In the present embodiment, the raw data points are mapped into the grid space according to the adaptive scale grid division, and the grid is divided into a dense grid and a sparse grid according to the grid density threshold division, and the data points are mapped into the grid space T _g Calculating the density of each grid, and regarding the grid units as clustering objects in the subsequent clustering step; dividing grids according to density fluctuation and calculating connectivity; calculating relative distance and diffusion intensity, and screening the assumed centerDividing an initial cluster; searching density peaks of inter-cluster edge grids; combining multiple clusters; mapping the grid clustering result to the original data set; mapping the dataset to a grid space by utilizing adaptive scale grid partitioning; defining an adaptive division scale and a density fluctuation formula, and replacing the local density of the contained data points by the density of a single grid unit; defining the center of the diffusion intensity calculation grid; designing a central grid screening scheme and an allocation strategy to obtain a clustering result; compared with the original DPC algorithm, the method can process data clustering with higher dimensionality according to the mesh division advantages and the new cluster allocation strategy, and parameters such as a cutting distance and the like are not required to be preset; the time complexity is reduced, and the clustering speed is improved; meanwhile, the problem of high-dimensional failure existing in the original Euclidean distance is solved.
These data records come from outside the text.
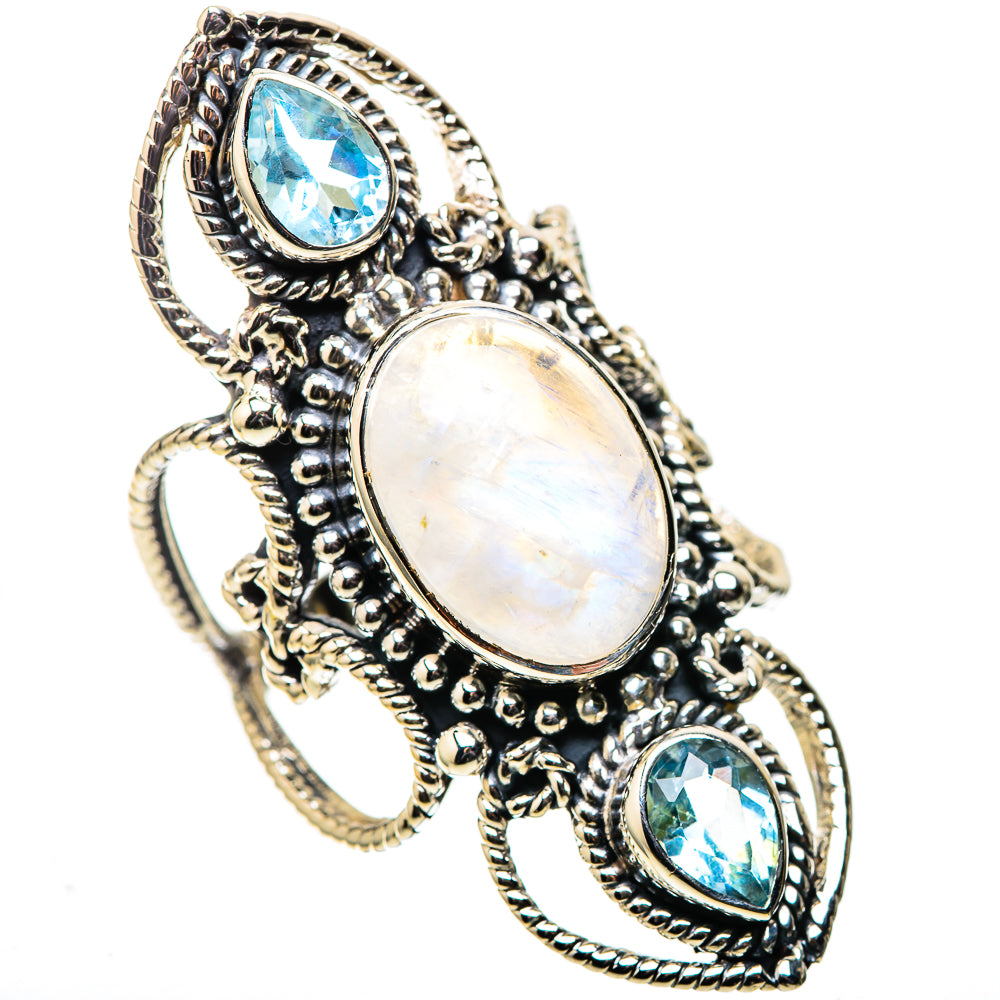 Signature Huge Rainbow Moonstone, Blue Topaz Ring Size 8 (925 Sterling Silver) RING138154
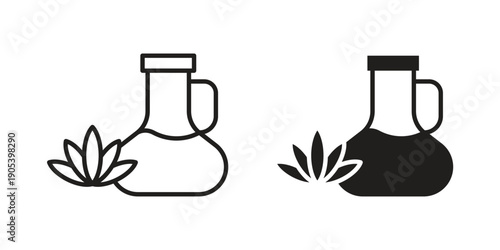 Massage oil icons in simple black style symbol sign for apps and website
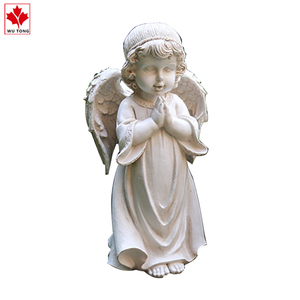 Statuetta in Resina Fatta a Mano di Angelo Bambina che Preghia, Ornamento da Giardino per Decorazione Casa - Product Image 2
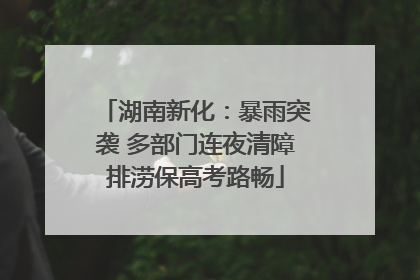 湖南新化：暴雨突袭 多部门连夜清障排涝保高考路畅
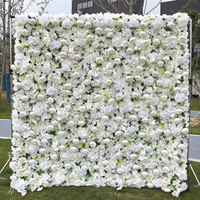 Toile de fond de taille personnalisée enroulable de mur de fleurs artificielles pour la décoration de scène de mariage
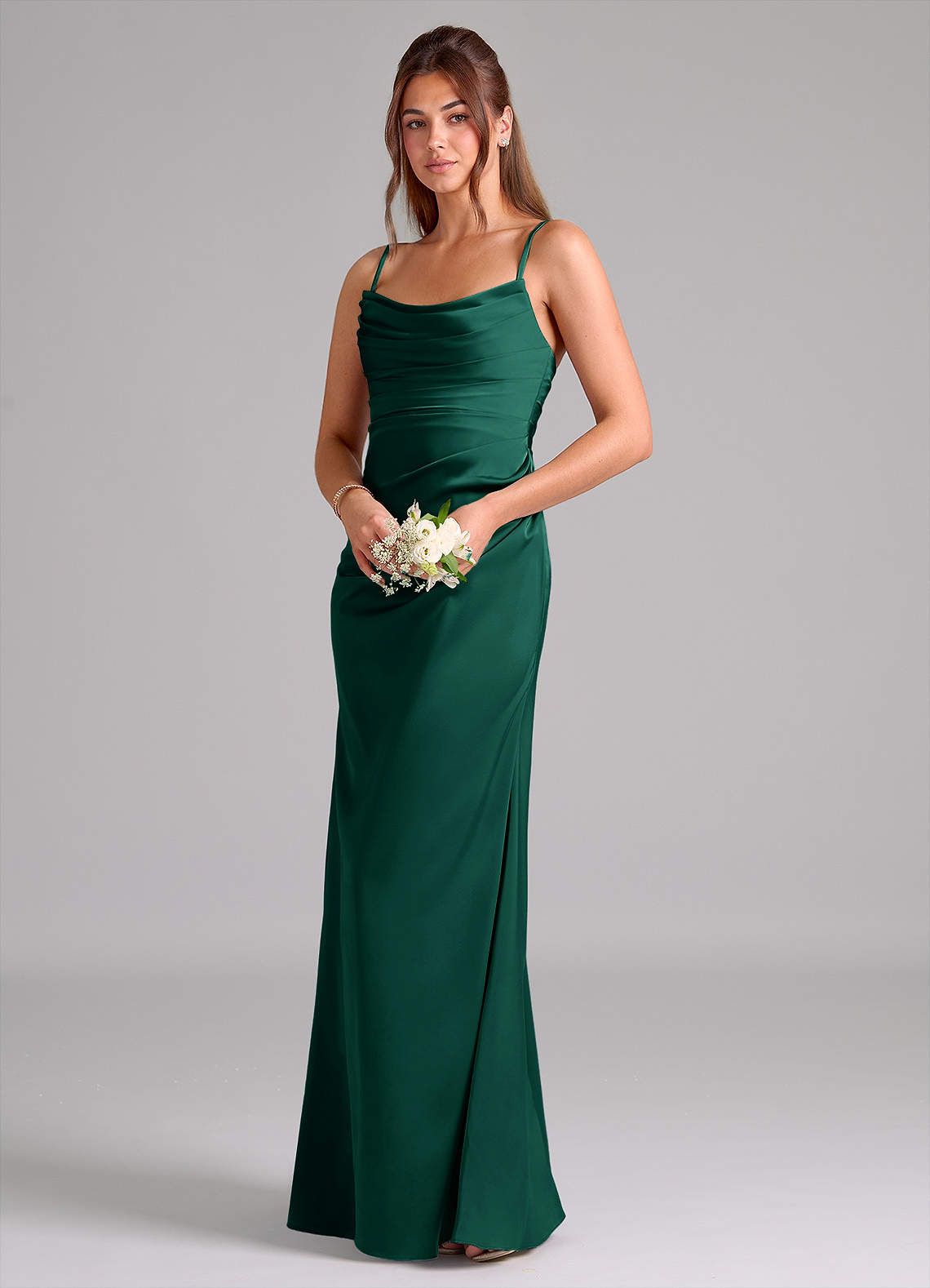Azazie Lucille Emerald Stretch Satin Bridesmaid Dresses | Azazie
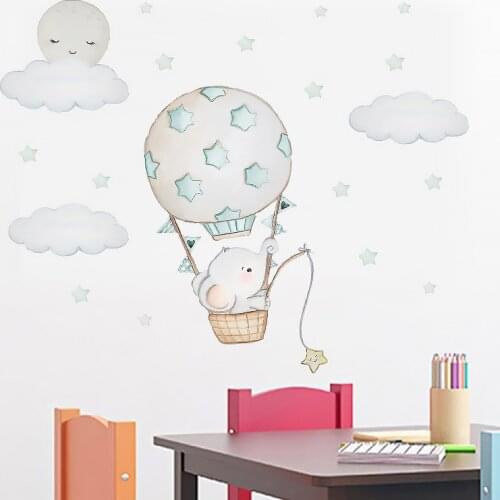 Cartoon Hot air balloon Elephant Wall Stickers for Kids rooms Baby room Nursery Wall Decor Vinyl Wall Decals Clouds Stars Moon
Further, in step 2, in the step of dividing the mesh according to the density fluctuation and calculating the connectivity:

Further, in step 3, the relative distance and the diffusion intensity are calculated, and in the step of screening the assumed center and dividing the initial cluster:

after calculating the centrality of each grid, arranging the centrality in a descending order and starting traversing searching, if delta is around grid i _i Within a radius range of gamma _i ＞γ _j (j+.i), the grid is the hypothetical center; the non-central grids are then divided into clusters represented by the centers according to the nearest neighbor grids and the grids with the highest gamma valuesAnd the step is performed until the rest grids are completely divided.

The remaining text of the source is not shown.